#### What needs to be done
Transcribe all the entries word for word, but omit the images.

----- Data supplied

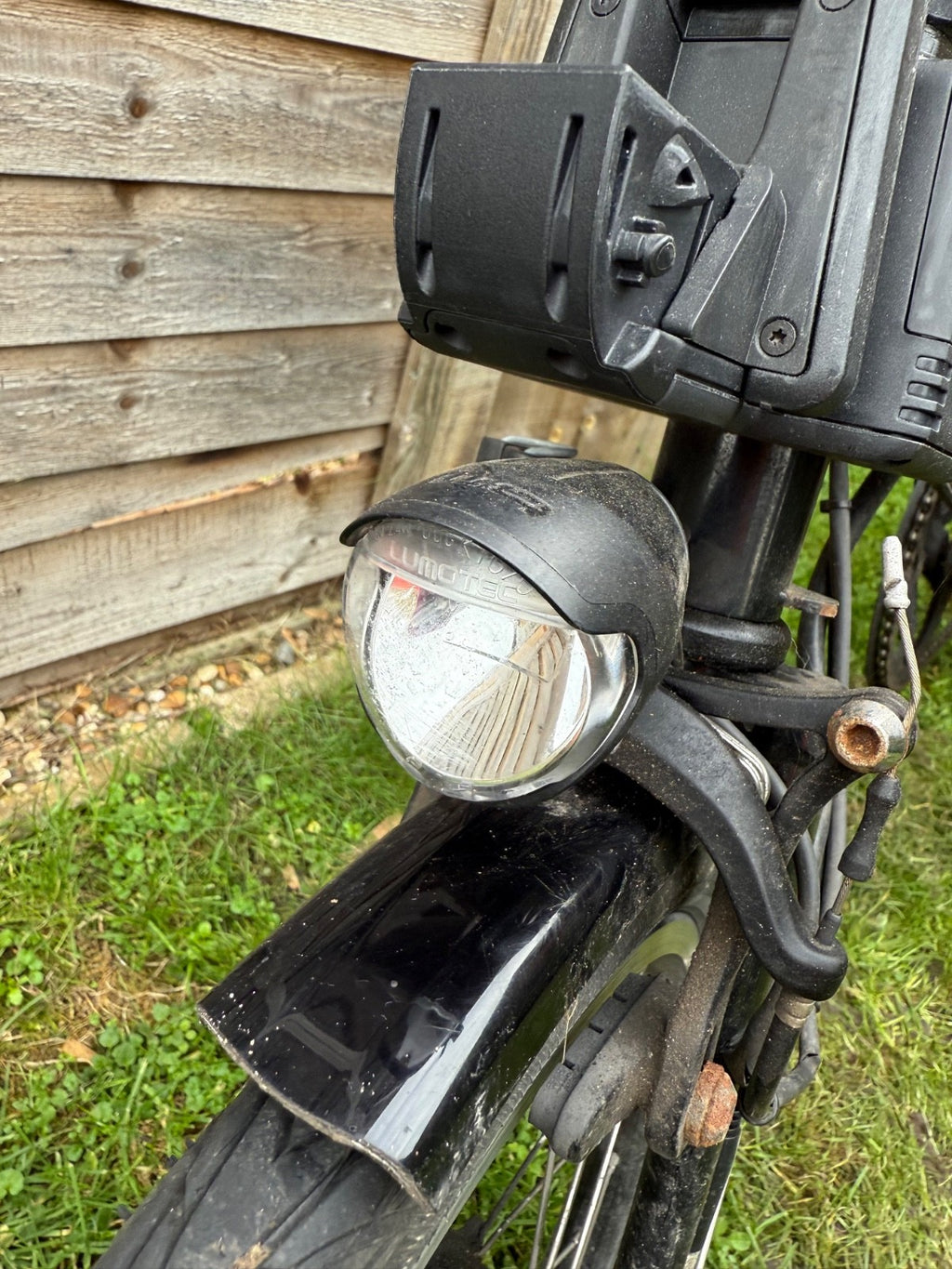Brompton Electric 3speed folding bike in very good condition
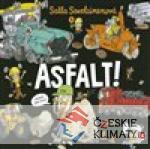 Asfalt! - książka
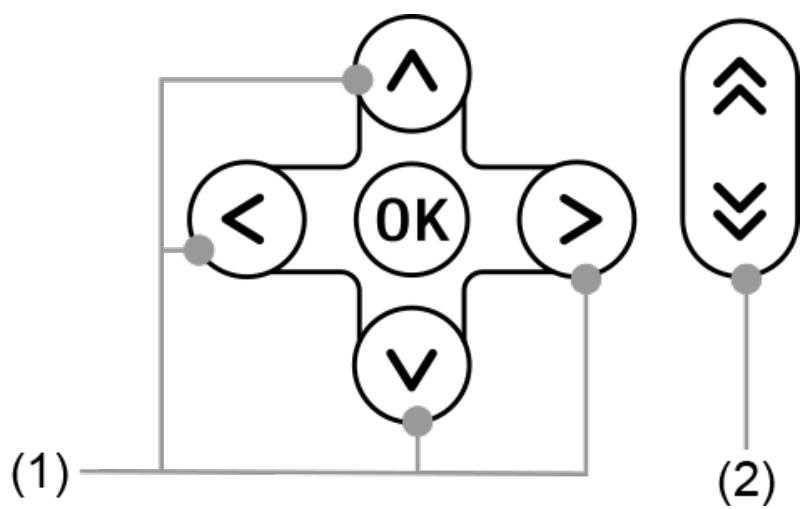CASIO GRAPH LIGHT - Example 2: ()()^* - 2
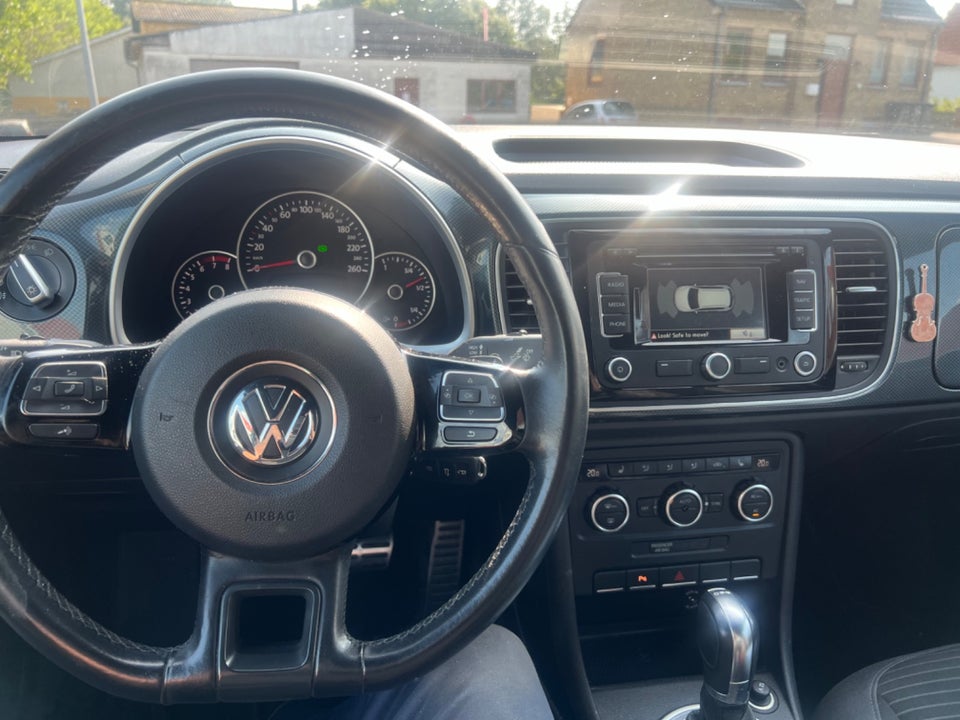 VW The Beetle 2,0 TSi 200 Sport DSG 2d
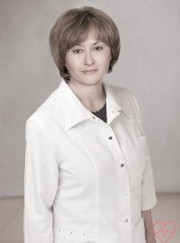 Кардиолог Наталья Сергеевна Сокуренко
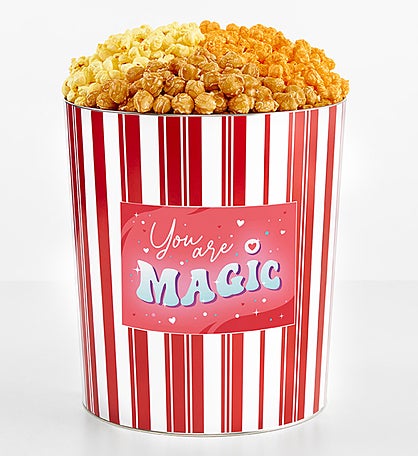 Tins With Pop® 3.5 Gallon You Are Magic 3 Flavor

----------

#### Your solution
Brompton Electric 3speed folding bike in very good condition
 Asfalt! - książka
CASIO GRAPH LIGHT - Example 2: ()()^* - 2
 VW The Beetle 2,0 TSi 200 Sport DSG 2d
 Кардиолог Наталья Сергеевна Сокуренко
 Tins With Pop® 3.5 Gallon You Are Magic 3 Flavor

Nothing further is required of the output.